11. “More Than A Paycheck” - Sweet Honey In The Rock - Few groups have been more vocal in their support of civil rights and environmental causes over the years than Sweet Honey In the Rock Formed by activist Bernice Johnson Reagon in Washington, DC in 1973. "More Than A Paycheck" comes from their 1982 album, Good News.

12. “Two Little Feet” - Karen Savoca - The least-known name on the album, the American singer-songwriter Karen Savoca recorded "Two Little Feet" for an all-female tribute album to Greg Brown called Going Driftless, that benefited breast cancer research. The track also features guitarist Pete Heitzman, with whom she has worked for 20 years.

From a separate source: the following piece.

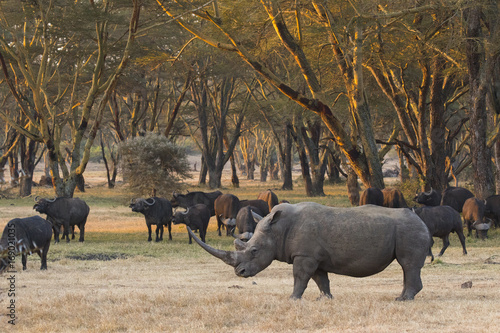 Nashorn mit Bueffelherde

13. “Getting There” - Mose Allison - Mixing blues and jazz, the great Mose Allison made his first recordings in the mid-1950s. "Getting There" first appeared on the 1987 album Ever Since the World Ended, produced by former Steve Miller Band keyboardist and songwriter, Ben Sidran.

14. “A Change Is Gonna Come” - Tina Turner (with Robert Cray) - Sam Cooke's memorable song, which is a metaphor for the civil rights struggle, was long a staple in Tina Turner's live shows. This version first appeared on Tina Turner’s Grammy winning Live In Europe, recorded in 1988 with Robert Cray.

15. “I Know I’ve Been Changed” - John Hammond (with Tom Waits) - Tom Waits is another who has supported Earthjustice in the past and was keen to contribute to this project. "I Know I’ve Been Changed" comes from acoustic blues man John Hammond's album Wicked Grin and was also produced by Waits.

16. “Happy Earthday” - Captain Beefheart - It may only be 35 seconds long, but "Happy Earthday" represents a major coup since it is the first new music recorded by Captain Beefheart since 1982. He sung it over the phone to the album's compiler Mike Kappus, whose laugh (along with Beefheart’s) can be heard at the end.